Via Dave Farber’s Interesting People, a brief New Scientist article outlines Sony’s continuing obsession with restricting and controlling its customers (the last one didn’t go too well):
“A patent filed by Sony last week suggests it may once again be considering preventing consumers making “too many” back-up copies of its CDs…
Sony’s latest idea is to place a piece of monitoring hardware inside the CD. Its patent suggests embedding a radio-frequency ID chip that could be interrogated wirelessly by a PC or CD player. The chip would record the number of times the disc was copied and prevent further recordings once it reached the limit. The device could also be fitted to DVDs. Whether Sony will turn the patent idea into reality remains to be seen.”

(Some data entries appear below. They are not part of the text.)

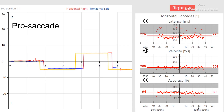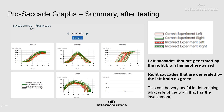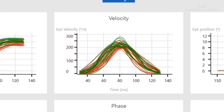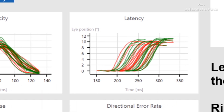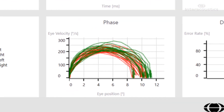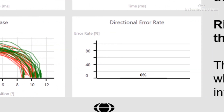Within a pro-saccade graph, we're seeing measurements looking at the latency, velocity and accuracy of eye movements moving towards the target as it changes position. The summary data is more detailed: we have information on eye position, velocity behaviour of the eye rightward and leftward, latency distributions relative to eye position over the time base, acceleration and deceleration of the eye as it changes position, and finally directional error rate.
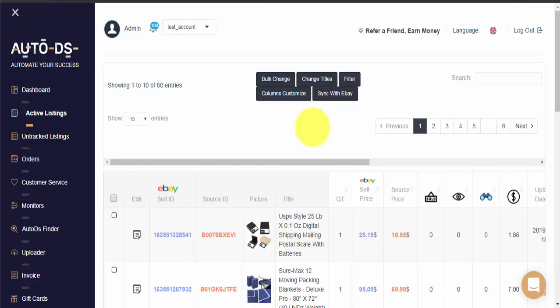Please note that Auto DS cannot check if you've made a price or quantity change to your item directly on eBay. However, if you've ended the listing directly on eBay or eBay has ended it for you, you can force a scan that will check for ended listings.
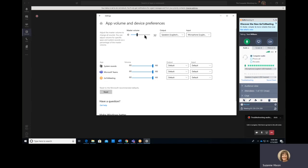There's also a master volume at the top that will control both the speaker output and the microphone input at the same time.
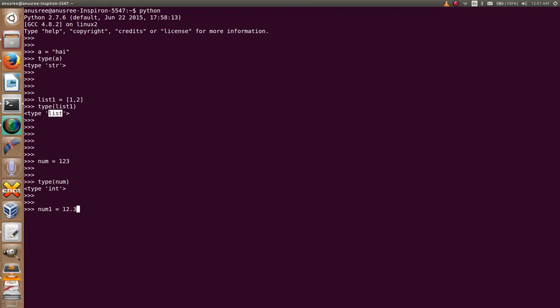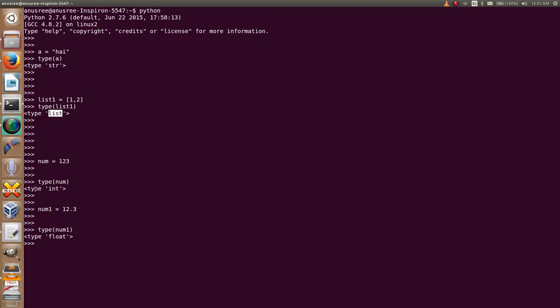Next, num1 equals 12.3. I am going to check the type of num1. Type of num1, it is a float. Using the built-in function type, we can easily find the type of a variable in Python.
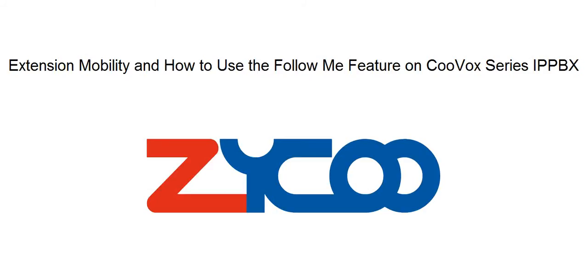Welcome to this Zycoo training video. In today's session I would like to demonstrate one of the really cool features of the CooVox system: extension mobility using the follow me feature.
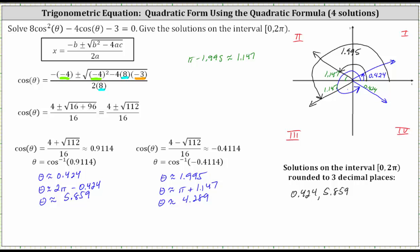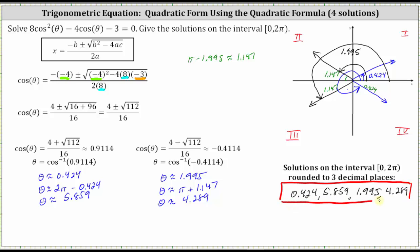So our equation has four solutions over the interval from zero to two pi: 0.424 radians, 5.859 radians, 1.995 radians, and 4.289 radians. I hope you found this helpful.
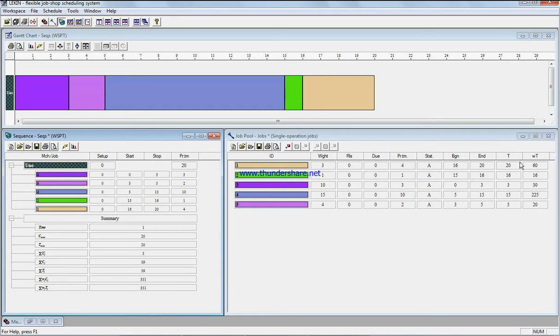Just do those values, make sure those values are correct and the summation will be 351. Just ignore the other values because you have not considered those methods yet. So we only did this one which is the weighted completion time.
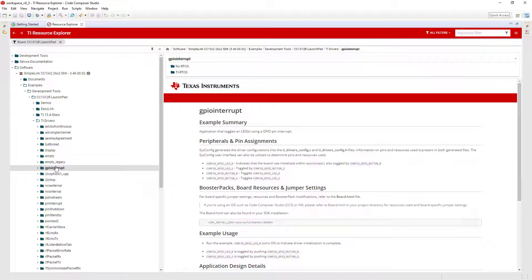When an example is selected, the README file will be displayed. This file summarizes the purpose of the example, the features used, as well as settings that may need to be applied to the development board. Some examples come with a selection of variations for different compiler and RTOS options.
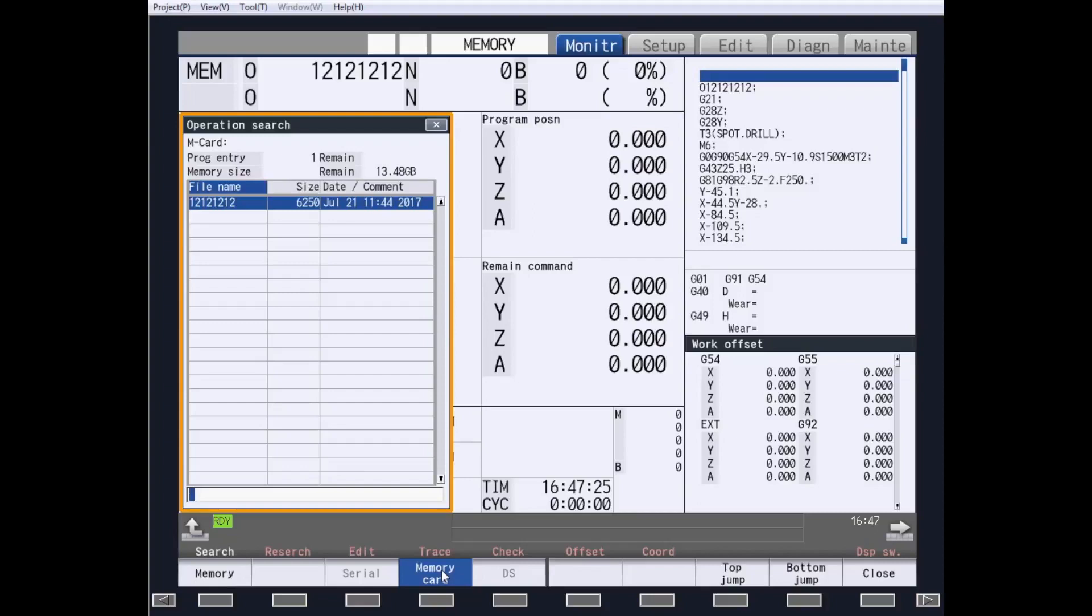DS is the data server, but is not the hard drive. There will be an HD tab for hard drive on the M800W and M80W not shown in NC Trainer. DS is available on all M8 controls, not just the M800W and M80W.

Of course this will require new CD players and CD-ROM drives with the ability to read, write to and act on the signal from the RFID chip – which means its impact may not be very significant.
It’s not clear whether the “permitted” copies have to be made onto “chipped” Sony-authorised discs (otherwise the technology seems rather pointless, as people will just make copies of the un-protected copies instead of repeated copies of the original) – if this is the case, then is this not just a sly “razor blade model” or “PRM” (in Ed Felten’s phrase) attempt to make Sony CD-writers require the purchase of Sony chipped blank CDs in order to copy music?
And would this break the Orange Book standard for CD-Rs?